--- Recorded information ---
####

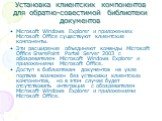 Установка клиентских компонентов для обратно-совестимой библиотеки документов. Microsoft Windows Explorer и приложениях Microsoft Office существуют клиентские компоненты. Эти расширения объединяют команды Microsoft Office SharePoint Portal Server 2003 с обозревателем Microsoft Windows Explorer и при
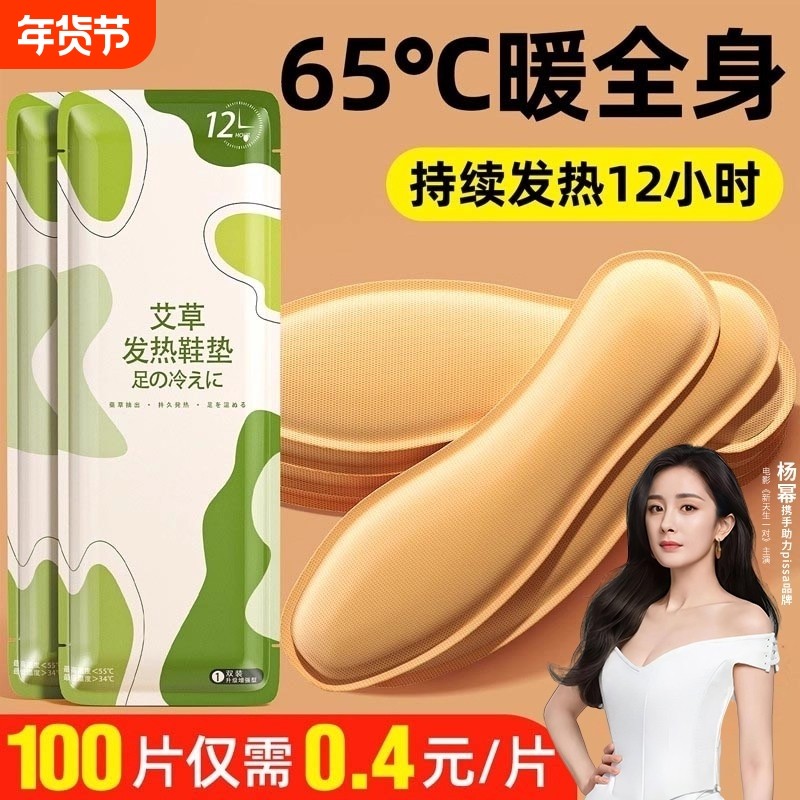 发热加热艾草鞋垫女自发热可行走暖脚保暖男暖脚贴非充电恒温持久,居家日用,发热鞋垫,淘宝优惠券,粉丝福利购,淘宝优惠卷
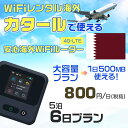 WiFi ^ CO J^[ sim  Wi-Fi COswifi oC [^[ COsWiFi 56 v wifi J^[ simJ[h 6 e 1500MB 1800~ ^WiFiCO  wifi^ Wi-Fi^ vyCh sim J^[ 6 Ct@C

####

--- Exercise brief ---
Transcribe the listing above exactly, leaving every picture out.

--- Answer space ---
 Установка клиентских компонентов для обратно-совестимой библиотеки документов. Microsoft Windows Explorer и приложениях Microsoft Office существуют клиентские компоненты. Эти расширения объединяют команды Microsoft Office SharePoint Portal Server 2003 с обозревателем Microsoft Windows Explorer и при
 发热加热艾草鞋垫女自发热可行走暖脚保暖男暖脚贴非充电恒温持久,居家日用,发热鞋垫,淘宝优惠券,粉丝福利购,淘宝优惠卷
 WiFi ^ CO J^[ sim  Wi-Fi COswifi oC [^[ COsWiFi 56 v wifi J^[ simJ[h 6 e 1500MB 1800~ ^WiFiCO  wifi^ Wi-Fi^ vyCh sim J^[ 6 Ct@C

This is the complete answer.